Yesterday, I did a couple of interesting tests:

1) In the main loop of ArduCopter.pde, I pulsed a GPIO (AUX OUT 5) at the start of the loop and hooked it up to a scope.  Sure enough, I saw a 400Hz average but the timing was very loose and dancing all over the place.  I didn't spend too much time analyzing it but if I had to guess it was +/- 50 Hz.

2) I did a similar thing to verify the MPU_DRDY pin was connected and working.  I'll skip the details, but in the end I could see 50us pulses at 1000Hz which correlate to the MPU6000 datasheet.
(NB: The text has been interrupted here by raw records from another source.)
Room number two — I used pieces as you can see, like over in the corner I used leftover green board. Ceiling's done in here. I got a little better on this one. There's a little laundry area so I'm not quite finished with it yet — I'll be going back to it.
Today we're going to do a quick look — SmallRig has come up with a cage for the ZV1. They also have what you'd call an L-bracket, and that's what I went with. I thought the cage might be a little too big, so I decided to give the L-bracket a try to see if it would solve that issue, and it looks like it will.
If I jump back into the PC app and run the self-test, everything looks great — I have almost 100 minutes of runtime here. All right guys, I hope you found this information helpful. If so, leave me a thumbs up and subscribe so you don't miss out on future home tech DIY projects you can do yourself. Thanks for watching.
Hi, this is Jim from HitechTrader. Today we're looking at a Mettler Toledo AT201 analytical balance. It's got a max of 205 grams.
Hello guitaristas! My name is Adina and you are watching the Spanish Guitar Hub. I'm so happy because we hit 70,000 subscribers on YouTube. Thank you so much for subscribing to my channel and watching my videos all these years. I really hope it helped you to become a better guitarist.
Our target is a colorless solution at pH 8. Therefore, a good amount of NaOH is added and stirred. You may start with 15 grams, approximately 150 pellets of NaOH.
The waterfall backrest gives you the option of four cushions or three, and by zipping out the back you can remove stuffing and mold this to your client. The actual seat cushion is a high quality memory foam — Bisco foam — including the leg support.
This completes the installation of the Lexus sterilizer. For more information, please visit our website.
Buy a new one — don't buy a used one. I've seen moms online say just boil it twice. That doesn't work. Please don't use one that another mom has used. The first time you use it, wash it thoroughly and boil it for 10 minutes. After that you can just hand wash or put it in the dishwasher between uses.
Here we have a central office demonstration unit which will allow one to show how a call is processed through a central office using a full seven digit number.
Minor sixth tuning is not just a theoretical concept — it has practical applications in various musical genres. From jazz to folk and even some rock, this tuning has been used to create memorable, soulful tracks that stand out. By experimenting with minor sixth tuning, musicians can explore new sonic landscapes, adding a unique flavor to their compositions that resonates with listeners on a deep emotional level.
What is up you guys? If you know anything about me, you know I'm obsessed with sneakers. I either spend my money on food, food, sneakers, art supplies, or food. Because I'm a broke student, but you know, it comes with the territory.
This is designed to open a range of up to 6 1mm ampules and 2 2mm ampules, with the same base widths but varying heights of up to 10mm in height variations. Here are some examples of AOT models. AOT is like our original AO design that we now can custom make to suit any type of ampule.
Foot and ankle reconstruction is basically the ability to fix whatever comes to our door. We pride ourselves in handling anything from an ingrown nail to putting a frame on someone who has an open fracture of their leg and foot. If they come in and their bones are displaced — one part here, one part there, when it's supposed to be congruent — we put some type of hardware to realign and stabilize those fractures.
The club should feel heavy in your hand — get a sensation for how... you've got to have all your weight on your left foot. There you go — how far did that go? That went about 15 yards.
My point here is that there is an opportunity for improvement here and it is purely a software change. 

[Jared Shamwell]

Steve, 

I've been noticing this problem as well as trying to figure out the best way to handle it. Have you been able to make any progress?

Jared

[Steve McLaughlin]

No, I haven't spent any time on this.  Although I am curious what sort of set up you used to observe this.